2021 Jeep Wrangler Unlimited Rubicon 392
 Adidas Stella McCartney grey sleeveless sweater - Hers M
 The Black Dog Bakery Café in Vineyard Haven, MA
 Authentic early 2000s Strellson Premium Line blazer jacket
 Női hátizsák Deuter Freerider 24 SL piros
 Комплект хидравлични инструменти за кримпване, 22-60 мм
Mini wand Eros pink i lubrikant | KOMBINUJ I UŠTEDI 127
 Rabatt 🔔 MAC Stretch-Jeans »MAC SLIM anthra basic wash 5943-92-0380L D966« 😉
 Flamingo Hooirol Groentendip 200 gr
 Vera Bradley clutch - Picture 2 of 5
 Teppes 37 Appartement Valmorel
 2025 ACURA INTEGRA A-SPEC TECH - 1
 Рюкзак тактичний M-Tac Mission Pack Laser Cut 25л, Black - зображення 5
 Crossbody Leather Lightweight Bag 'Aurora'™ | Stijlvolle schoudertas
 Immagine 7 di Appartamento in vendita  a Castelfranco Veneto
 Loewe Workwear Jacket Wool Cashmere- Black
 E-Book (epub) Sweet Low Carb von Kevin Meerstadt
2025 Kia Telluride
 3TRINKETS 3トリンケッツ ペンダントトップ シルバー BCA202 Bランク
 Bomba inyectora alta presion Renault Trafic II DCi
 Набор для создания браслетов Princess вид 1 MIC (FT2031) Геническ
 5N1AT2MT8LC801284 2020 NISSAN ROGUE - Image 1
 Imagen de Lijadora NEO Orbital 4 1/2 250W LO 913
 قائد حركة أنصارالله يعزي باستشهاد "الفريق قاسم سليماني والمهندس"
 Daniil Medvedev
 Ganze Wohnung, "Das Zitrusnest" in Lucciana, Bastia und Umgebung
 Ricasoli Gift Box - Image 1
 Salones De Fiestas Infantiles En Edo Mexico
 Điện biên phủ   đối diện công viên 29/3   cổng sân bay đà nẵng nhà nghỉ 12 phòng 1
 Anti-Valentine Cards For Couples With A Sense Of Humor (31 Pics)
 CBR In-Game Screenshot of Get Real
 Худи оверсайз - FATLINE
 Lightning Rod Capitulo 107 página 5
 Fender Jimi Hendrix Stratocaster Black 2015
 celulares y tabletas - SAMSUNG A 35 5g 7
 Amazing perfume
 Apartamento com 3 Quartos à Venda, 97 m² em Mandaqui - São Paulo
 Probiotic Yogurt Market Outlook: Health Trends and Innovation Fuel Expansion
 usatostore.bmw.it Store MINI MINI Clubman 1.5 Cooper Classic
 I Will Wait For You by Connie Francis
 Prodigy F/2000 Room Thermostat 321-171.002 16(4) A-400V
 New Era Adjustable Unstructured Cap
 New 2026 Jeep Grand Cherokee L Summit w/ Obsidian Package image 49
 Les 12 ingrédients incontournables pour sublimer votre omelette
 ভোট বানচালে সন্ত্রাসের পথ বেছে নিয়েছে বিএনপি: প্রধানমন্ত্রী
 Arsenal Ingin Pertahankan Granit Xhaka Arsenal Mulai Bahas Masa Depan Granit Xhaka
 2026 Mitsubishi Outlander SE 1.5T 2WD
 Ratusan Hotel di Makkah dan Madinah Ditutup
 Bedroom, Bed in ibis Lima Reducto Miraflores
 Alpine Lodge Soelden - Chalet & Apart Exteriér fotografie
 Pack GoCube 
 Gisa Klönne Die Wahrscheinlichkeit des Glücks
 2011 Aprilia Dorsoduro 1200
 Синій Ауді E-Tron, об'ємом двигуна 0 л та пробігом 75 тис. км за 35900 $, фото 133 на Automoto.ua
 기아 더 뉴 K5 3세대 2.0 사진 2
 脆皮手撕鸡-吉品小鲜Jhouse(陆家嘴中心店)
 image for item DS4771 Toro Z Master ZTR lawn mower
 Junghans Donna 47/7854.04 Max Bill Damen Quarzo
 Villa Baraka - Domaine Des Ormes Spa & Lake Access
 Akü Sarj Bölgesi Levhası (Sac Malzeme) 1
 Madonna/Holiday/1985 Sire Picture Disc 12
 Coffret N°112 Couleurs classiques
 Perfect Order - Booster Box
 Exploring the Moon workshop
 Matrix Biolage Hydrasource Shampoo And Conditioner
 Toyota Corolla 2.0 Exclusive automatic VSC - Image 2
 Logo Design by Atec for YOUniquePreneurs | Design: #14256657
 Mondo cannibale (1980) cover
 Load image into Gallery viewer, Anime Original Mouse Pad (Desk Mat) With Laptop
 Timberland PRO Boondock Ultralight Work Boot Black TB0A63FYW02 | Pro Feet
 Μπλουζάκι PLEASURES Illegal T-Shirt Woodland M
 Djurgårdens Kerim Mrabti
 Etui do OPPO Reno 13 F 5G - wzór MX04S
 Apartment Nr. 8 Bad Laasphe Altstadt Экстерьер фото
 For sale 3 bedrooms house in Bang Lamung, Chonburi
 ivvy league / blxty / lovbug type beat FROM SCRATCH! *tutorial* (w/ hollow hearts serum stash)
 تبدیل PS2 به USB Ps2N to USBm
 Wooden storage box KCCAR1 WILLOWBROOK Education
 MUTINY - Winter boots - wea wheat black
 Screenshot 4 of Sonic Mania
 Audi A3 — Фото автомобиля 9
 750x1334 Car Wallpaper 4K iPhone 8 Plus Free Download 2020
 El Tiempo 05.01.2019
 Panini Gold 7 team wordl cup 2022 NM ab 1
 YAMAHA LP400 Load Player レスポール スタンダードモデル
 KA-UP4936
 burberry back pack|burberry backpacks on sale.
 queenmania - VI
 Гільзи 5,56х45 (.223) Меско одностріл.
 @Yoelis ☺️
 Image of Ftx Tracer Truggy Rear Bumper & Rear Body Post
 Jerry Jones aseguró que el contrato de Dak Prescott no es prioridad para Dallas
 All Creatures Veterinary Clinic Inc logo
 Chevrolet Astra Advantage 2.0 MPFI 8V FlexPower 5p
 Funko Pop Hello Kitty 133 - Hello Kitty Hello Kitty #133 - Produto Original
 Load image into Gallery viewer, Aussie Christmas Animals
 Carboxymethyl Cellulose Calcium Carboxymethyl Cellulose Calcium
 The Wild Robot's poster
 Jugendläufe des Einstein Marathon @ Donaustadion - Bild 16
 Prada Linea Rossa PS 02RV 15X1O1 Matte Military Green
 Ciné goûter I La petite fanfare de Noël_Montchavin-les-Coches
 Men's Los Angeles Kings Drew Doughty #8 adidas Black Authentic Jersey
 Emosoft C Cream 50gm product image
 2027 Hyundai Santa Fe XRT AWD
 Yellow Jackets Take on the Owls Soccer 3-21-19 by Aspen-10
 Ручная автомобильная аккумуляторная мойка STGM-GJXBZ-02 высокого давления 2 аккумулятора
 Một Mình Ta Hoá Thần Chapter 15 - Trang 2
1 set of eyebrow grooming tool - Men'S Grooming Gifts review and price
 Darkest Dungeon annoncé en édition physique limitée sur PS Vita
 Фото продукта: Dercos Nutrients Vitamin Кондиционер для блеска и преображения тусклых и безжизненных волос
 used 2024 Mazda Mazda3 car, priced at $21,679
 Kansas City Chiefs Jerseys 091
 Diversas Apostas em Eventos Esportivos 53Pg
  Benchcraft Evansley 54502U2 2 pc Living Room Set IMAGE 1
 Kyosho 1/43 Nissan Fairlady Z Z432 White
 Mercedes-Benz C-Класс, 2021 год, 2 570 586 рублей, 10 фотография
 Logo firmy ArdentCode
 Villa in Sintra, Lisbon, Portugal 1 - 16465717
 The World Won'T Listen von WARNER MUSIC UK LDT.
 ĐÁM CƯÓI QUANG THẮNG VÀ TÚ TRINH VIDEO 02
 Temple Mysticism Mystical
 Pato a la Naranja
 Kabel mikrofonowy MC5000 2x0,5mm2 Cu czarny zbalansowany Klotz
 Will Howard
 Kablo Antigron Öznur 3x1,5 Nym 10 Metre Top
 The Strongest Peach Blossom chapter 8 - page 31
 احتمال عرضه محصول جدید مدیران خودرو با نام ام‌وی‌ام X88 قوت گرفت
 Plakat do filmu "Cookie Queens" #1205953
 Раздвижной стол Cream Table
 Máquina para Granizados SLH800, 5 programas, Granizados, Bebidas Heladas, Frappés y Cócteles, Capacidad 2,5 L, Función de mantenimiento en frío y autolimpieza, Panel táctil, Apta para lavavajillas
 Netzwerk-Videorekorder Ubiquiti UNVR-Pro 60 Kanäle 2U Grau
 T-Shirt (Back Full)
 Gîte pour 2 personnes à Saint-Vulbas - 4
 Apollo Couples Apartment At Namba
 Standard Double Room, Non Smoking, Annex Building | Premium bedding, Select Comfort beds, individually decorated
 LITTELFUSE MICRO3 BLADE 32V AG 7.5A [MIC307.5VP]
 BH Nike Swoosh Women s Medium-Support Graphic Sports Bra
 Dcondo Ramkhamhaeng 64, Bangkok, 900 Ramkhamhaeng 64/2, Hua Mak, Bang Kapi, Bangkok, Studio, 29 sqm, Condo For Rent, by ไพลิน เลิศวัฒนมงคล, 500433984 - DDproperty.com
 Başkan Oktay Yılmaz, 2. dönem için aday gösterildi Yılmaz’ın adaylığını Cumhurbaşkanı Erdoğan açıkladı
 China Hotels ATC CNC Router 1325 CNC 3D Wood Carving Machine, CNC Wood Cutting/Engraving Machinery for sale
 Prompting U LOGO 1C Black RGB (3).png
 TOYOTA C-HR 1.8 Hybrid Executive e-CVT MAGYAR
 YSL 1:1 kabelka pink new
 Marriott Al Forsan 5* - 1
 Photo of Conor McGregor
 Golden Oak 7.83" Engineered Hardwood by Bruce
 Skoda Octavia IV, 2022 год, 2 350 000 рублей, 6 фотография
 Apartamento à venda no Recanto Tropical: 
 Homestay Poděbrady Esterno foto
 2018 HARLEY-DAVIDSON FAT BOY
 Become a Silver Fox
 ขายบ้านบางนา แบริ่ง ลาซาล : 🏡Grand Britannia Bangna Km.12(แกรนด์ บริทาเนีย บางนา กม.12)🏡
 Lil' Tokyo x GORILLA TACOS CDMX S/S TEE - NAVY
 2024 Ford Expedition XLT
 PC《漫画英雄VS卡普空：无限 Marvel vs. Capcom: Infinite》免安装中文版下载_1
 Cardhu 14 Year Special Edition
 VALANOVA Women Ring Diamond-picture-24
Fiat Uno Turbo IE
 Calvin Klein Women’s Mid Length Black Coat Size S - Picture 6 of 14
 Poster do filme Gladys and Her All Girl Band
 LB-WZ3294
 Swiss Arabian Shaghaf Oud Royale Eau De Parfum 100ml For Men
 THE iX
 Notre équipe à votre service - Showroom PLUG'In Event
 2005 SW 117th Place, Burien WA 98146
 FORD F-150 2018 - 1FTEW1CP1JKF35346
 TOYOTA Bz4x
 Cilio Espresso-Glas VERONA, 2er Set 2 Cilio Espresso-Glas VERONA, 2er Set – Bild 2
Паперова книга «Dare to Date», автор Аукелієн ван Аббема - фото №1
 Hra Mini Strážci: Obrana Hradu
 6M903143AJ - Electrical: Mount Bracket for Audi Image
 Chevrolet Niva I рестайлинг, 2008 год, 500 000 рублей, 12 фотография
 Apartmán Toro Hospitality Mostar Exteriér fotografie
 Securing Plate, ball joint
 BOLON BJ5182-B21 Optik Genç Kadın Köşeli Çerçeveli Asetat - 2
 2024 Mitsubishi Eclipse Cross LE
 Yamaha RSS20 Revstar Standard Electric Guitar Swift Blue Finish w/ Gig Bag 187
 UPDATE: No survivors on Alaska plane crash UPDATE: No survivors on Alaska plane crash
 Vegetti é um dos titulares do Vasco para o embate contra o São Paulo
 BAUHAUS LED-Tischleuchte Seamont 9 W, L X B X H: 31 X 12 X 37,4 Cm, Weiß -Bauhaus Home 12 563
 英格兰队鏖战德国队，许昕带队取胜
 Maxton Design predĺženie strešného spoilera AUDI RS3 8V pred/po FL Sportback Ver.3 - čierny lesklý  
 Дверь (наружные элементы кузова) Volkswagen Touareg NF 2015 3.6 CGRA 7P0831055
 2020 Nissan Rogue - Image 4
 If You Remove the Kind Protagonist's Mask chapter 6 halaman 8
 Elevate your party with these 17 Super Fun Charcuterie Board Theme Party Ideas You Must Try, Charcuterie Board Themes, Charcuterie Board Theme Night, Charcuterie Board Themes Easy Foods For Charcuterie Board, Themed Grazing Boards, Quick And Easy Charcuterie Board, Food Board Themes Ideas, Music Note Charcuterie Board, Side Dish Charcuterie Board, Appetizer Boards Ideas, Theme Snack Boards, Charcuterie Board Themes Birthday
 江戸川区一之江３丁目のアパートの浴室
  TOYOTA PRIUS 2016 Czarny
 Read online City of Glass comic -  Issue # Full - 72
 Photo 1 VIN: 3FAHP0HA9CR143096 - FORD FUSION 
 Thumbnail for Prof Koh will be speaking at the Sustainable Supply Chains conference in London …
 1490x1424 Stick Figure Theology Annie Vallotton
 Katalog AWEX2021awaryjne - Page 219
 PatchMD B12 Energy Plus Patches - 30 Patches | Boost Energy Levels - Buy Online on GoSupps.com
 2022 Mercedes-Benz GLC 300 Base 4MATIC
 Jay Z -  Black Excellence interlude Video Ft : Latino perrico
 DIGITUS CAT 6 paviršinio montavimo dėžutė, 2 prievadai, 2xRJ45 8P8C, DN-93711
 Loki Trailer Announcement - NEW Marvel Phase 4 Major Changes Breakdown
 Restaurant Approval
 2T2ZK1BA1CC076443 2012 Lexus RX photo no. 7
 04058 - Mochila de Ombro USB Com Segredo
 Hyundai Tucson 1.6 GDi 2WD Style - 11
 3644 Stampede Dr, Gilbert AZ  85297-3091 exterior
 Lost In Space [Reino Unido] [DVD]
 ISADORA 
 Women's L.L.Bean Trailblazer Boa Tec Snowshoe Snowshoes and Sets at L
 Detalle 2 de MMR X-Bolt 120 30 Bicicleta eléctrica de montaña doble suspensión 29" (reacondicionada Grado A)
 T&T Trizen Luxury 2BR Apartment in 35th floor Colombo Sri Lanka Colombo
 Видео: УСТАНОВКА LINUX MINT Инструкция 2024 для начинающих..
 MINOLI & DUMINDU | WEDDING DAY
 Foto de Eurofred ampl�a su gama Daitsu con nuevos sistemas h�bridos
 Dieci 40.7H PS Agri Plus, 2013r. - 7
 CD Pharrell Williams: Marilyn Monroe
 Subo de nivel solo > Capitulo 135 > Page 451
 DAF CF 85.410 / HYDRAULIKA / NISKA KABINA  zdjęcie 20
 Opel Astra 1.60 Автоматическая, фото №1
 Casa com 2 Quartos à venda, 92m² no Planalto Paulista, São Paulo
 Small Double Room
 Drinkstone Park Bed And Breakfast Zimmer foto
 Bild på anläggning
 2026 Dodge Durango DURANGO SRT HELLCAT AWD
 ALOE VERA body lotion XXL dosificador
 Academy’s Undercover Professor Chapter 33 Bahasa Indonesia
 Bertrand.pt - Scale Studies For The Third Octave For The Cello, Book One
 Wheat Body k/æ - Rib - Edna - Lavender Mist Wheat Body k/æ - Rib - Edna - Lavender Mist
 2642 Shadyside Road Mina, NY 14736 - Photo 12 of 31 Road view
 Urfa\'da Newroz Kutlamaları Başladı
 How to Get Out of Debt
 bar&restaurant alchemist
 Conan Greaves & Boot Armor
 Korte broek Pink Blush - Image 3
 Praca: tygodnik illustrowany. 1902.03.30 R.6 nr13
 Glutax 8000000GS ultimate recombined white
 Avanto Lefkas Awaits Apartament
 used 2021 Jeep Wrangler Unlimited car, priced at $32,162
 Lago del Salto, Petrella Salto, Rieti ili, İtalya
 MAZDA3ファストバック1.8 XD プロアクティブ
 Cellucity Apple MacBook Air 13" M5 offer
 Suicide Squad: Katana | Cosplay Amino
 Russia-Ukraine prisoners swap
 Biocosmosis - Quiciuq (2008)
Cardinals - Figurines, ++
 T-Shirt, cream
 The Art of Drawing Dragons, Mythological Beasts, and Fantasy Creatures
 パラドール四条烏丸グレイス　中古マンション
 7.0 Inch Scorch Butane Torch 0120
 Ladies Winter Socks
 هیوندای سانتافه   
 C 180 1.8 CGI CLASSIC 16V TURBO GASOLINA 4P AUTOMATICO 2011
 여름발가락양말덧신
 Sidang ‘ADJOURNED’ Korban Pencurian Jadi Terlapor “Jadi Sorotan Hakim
####
**WHAT THE TASK REQUIRES:** Output the lines of the records above exactly as they appear, from the line containing "FORD F-150 2018 - 1FTEW1CP1JKF35346" through the line containing "Chevrolet Niva I".

**EXERCISE OUTPUT:**
 FORD F-150 2018 - 1FTEW1CP1JKF35346
 TOYOTA Bz4x
 Cilio Espresso-Glas VERONA, 2er Set 2 Cilio Espresso-Glas VERONA, 2er Set – Bild 2
Паперова книга «Dare to Date», автор Аукелієн ван Аббема - фото №1
 Hra Mini Strážci: Obrana Hradu
 6M903143AJ - Electrical: Mount Bracket for Audi Image
 Chevrolet Niva I рестайлинг, 2008 год, 500 000 рублей, 12 фотография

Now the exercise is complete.